Other senior American figures are starting to come round. Last week, Senator Jim Webb, chair of the East Asia congressional sub-committtee, said there was a new openness in Myanmar and that the US should “adjust our policy” accordingly.

With Washington opening up Mitchell’s ambassadorial level dialogue, and Naypyidaw holding minister-level talks with pro-democracy icon Aung San Suu Kyi, clearly that adjustment has started.

Mitchell praised the overture to Suu Kyi and urged the government to show its sincerity by “releasing all political prisoners unconditionally”.

Of course, they should be released, as they should across the region, especially in Vietnam where repression of dissent is worse than in Myanmar.

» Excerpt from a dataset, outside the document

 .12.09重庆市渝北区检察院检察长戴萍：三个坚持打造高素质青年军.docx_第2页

In fact, reliable sources now confirm that after Myanmar’s new parliament recently passed a motion recommending the release of political detainees, a good number will be freed this month.

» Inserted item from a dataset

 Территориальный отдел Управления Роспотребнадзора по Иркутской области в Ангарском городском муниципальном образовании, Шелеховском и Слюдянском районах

Among them, I hope, will be my good friend Hkun Htun Oo, or “Noel”, the head of the Shan National League for Democracy.

Meantime, Suu Kyi will be unmolested and free to travel, and her NLD party, despite being declared illegal, can to continue to function.

In return, she will cooperate and support a move to bring in the World Bank, Asian Development Bank and International Monetary Fund.

If that happens, look for an economic take-off.

As the Washington academic David Steinberg noted on Friday: “In 1988, Myanmar had foreign exchange reserves of only $30 million; it now has $5 billion, largely from the sale of natural gas to Thailand.”

When two Chinese oil and gas pipelines come on-stream shortly, those reserves will vastly increase, and when the $8.6 billion Dawei port and petrochemical complex starts up, revenue will further

Said Steinberg: “For the US to continue to call for isolation of that country seems patently counter-productive to the reality of the present and the prognosis for the future.”
He is absolutely right.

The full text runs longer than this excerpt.